Exercise. Write the full listing out again, word for word, but omit the pictures.
══ Given material ══
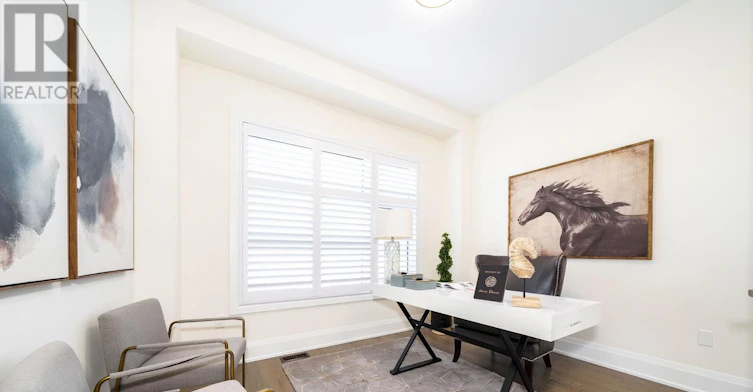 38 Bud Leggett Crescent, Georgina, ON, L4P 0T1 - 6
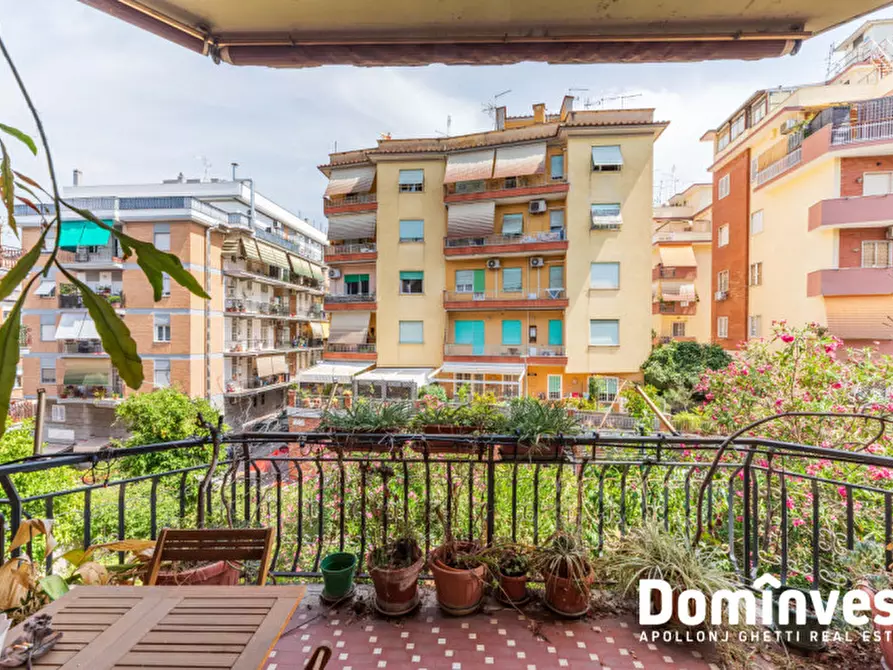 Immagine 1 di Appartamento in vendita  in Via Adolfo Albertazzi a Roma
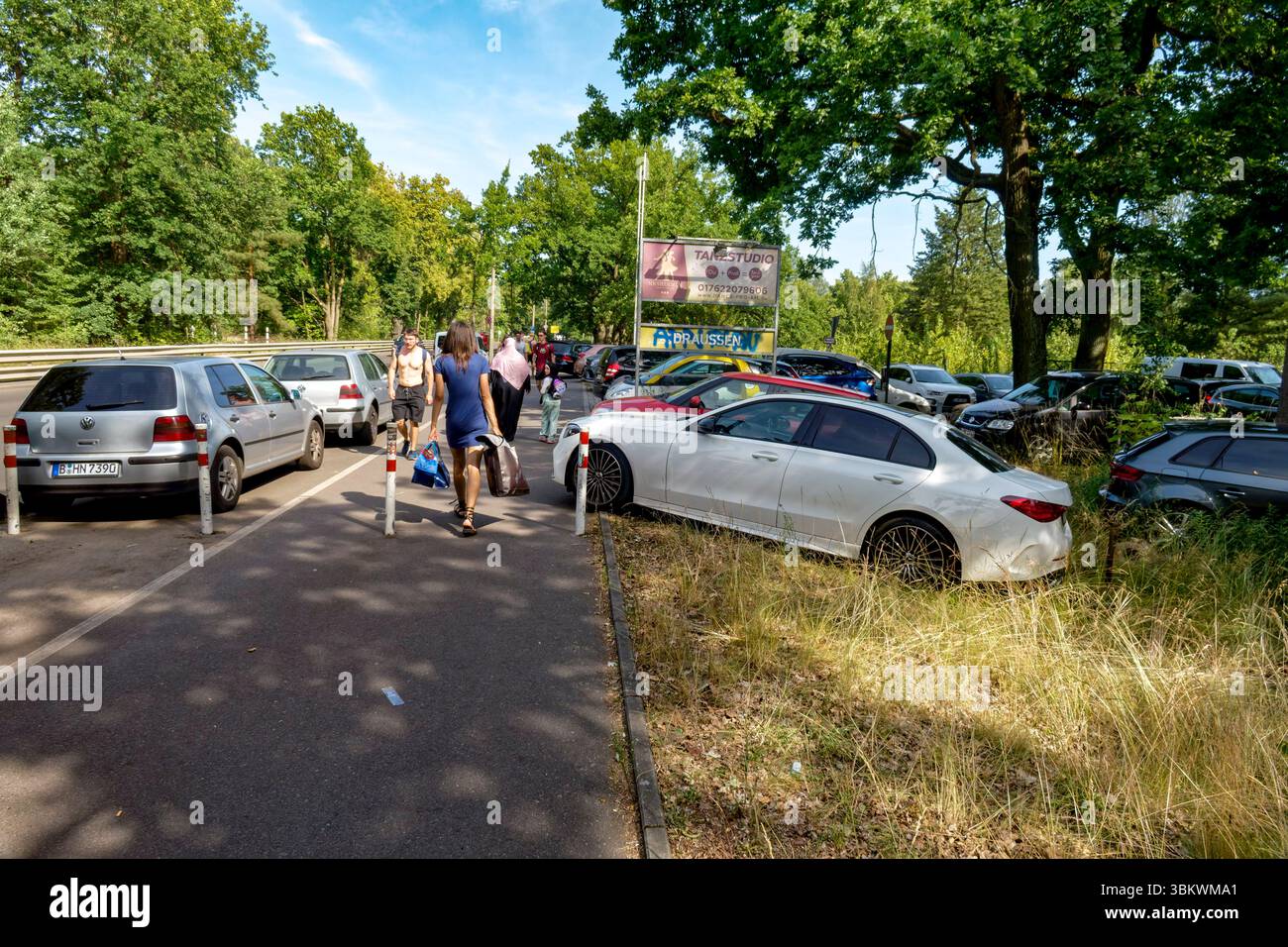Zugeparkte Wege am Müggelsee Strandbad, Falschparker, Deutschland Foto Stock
═══
Solution to the problem.
 38 Bud Leggett Crescent, Georgina, ON, L4P 0T1 - 6
 Immagine 1 di Appartamento in vendita  in Via Adolfo Albertazzi a Roma
Zugeparkte Wege am Müggelsee Strandbad, Falschparker, Deutschland Foto Stock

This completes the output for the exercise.